Depositionsmechanismen in der Inhalationstherapie
Neben der anatomischen Struktur spielen u. a. folgende Faktoren bei der Deposition von Medikamenten in Lunge und Atemwegen eine wichtige Rolle.
- 1. Form, Größe und Depositionsmechanismen der inhalierten Partikel
- 2. Intensität und Profil des inspiratorischen Atemflusses des Patienten
- 3. Eigenschaften des verwendeten Inhalators
- 4. Die korrekte Anwendung der gerätespezifischen Inhalationstechnik
Diese Faktoren werden im Folgenden näher beleuchtet.
Partikelform und -größe
Die Effektivität der Deposition inhalierter Partikel an den Bronchialwänden wird maßgeblich durch deren Morphologie beeinflusst. Sphärische, spitze oder irregulär geformte Partikel weisen unterschiedliche Adhäsionseigenschaften auf. Manche Partikel werden als Komplexe oder Aggregate inhaliert und müssen zunächst dispergiert werden, bevor sie ihre Zielrezeptoren erreichen können. Die Größe der Partikel ist der Hauptfaktor, der bestimmt, ob und wie weit sie in die Lunge vordringen. Die Größe wird international als „mass median aerodynamic diameter“ (MMAD) angegeben. Der MMAD repräsentiert den medianen Durchmesser der Partikel, die in ihrer Gesamtheit die Masse des Aerosols bilden. Die Angabe erfolgt in Mikrometern, was zur etablierten Klassifikation als „Feinstaub“ („particulate matter“, PM) geführt hat.
Depositionsmechanismen
Nach der Inhalation erfolgt die Deposition der Arzneimittelpartikel in Abhängigkeit von ihrer Größe durch verschiedene physikalische Prozesse. Die Hauptmechanismen sind Impaktion, Sedimentation und Diffusion, wobei auch Kombinationen dieser Prozesse auftreten können.
Impaktion
Bei der Inhalation durch den Mund treffen die Partikel im Luftstrom unmittelbar auf eine 90°-Krümmung in Höhe des Retropharynx. Größere Partikel mit einem MMAD über 5 μm sind aufgrund ihrer Trägheit nicht in der Lage, abrupten Richtungsänderungen zu folgen, und prallen daher gegen die Atemwegswände. Das bedeutet, dass sich große Partikel überwiegend im Mund- und Rachenraum und in den oberen Abschnitten des Bronchialtraktes ablagern. Meist werden diese Partikel anschließend verschluckt und über den Gastrointestinaltrakt wieder ausgeschieden.

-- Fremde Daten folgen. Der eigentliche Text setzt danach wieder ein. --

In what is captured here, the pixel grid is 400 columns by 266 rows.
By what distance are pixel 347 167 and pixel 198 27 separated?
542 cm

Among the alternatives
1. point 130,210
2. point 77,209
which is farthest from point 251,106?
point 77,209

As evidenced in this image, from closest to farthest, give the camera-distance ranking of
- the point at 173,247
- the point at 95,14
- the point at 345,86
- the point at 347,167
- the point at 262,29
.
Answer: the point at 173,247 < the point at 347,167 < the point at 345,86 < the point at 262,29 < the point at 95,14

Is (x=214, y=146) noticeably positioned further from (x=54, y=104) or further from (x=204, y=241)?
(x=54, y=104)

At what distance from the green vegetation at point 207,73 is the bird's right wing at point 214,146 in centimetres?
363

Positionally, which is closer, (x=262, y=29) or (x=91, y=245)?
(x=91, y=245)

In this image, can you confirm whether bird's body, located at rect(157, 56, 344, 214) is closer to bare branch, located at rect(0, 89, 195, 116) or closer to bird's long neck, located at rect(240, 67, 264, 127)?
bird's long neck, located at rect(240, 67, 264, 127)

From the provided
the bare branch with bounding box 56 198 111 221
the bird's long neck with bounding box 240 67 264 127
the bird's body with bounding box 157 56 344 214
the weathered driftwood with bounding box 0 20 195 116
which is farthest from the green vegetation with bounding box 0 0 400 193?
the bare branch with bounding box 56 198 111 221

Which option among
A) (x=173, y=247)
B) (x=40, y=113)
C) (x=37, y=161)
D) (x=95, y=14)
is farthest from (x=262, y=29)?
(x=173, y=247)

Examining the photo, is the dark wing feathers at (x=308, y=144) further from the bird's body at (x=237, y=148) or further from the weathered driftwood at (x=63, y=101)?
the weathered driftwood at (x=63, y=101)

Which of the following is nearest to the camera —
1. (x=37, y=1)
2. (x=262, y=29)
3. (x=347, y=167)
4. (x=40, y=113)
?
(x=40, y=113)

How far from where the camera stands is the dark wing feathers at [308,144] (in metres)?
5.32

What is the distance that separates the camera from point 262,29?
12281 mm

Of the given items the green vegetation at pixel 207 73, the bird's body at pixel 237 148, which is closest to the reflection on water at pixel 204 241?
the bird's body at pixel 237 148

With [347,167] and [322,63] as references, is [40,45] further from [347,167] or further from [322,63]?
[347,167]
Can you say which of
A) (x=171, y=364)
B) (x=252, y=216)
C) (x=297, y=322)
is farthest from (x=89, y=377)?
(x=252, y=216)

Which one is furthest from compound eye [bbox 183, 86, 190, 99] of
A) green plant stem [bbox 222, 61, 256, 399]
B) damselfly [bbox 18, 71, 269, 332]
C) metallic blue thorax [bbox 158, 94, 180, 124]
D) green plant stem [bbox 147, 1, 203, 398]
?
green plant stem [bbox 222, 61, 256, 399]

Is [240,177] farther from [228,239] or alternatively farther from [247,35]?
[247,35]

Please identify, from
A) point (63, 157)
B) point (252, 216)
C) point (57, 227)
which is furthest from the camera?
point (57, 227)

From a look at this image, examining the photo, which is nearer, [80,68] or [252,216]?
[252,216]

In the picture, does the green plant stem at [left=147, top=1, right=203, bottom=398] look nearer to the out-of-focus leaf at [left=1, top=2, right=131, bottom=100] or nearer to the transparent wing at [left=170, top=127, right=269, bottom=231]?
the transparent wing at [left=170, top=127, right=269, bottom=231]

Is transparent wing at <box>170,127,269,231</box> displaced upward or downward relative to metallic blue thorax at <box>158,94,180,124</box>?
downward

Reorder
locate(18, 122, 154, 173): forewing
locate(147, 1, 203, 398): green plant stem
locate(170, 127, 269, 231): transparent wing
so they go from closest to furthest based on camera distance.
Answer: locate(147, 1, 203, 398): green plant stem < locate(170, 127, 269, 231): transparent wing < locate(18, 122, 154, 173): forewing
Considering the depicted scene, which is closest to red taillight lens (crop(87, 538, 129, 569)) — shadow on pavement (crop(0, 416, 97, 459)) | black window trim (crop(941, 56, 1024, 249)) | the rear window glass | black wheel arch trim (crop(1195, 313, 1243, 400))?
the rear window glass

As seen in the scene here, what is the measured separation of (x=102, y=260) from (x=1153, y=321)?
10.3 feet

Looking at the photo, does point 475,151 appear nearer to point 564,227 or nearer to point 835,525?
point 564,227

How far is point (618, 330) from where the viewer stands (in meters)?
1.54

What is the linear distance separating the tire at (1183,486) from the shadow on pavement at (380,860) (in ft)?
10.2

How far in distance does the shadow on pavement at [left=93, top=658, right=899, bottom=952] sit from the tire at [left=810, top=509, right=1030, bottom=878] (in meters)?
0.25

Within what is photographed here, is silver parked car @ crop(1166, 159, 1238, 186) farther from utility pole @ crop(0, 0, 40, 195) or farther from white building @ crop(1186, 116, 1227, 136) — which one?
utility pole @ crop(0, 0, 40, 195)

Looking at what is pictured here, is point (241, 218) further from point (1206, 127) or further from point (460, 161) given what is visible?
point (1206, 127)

Für die meisten inhalativen Therapien ist die Deposition via Impaktion nicht erwünscht.
Sedimentation
Mit zunehmender Verzweigung der Bronchien verlangsamt sich der Luftstrom. Partikel im Größenbereich von 0,5 bis 5 µm sinken aufgrund der Schwerkraft langsam ab. Auf diese Weise erfolgt ihre Ablagerung primär in den mittleren und peripheren Atemwegsabschnitten, nachdem die Luftströmung an Geschwindigkeit verloren hat. Damit die feinen Partikel genügend Zeit haben zu sedimentieren, wird Idealerweise nach dem Inhalationsmanöver der Atem für ca. zehn Sekunden angehalten. Die Sedimentation ist für die meisten COPD-Medikamente der effektivste Mechanismus der Deposition und kann durch Anhalten des Atems nach der Inhalation noch verstärkt werden.
Diffusion
Für Partikel mit einem MMAD unter 0,5 μm ist die Diffusion der Hauptmechanismus der Deposition. Sie basiert auf der Brownschen Molekularbewegung, die durch Kollisionen mit Gasmolekülen verursacht wird. Die Diffusionsbewegung intensiviert sich mit abnehmender Partikelgröße und mit reduzierter Strömungsgeschwindigkeit, wodurch sie besonders in den unteren Atemwegen und Alveolen relevant wird. Allerdings werden viele dieser ultrafeinen Partikel aufgrund ihrer geringen Größe entweder wieder ausgeatmet oder diffundieren nach Erreichen der Alveolen in die Blutbahn. Eine optimale Diffusion ist nur wünschenswert, wenn eine systemische Wirkung oder eine Deposition in den tiefsten Lungenabschnitten angestrebt wird.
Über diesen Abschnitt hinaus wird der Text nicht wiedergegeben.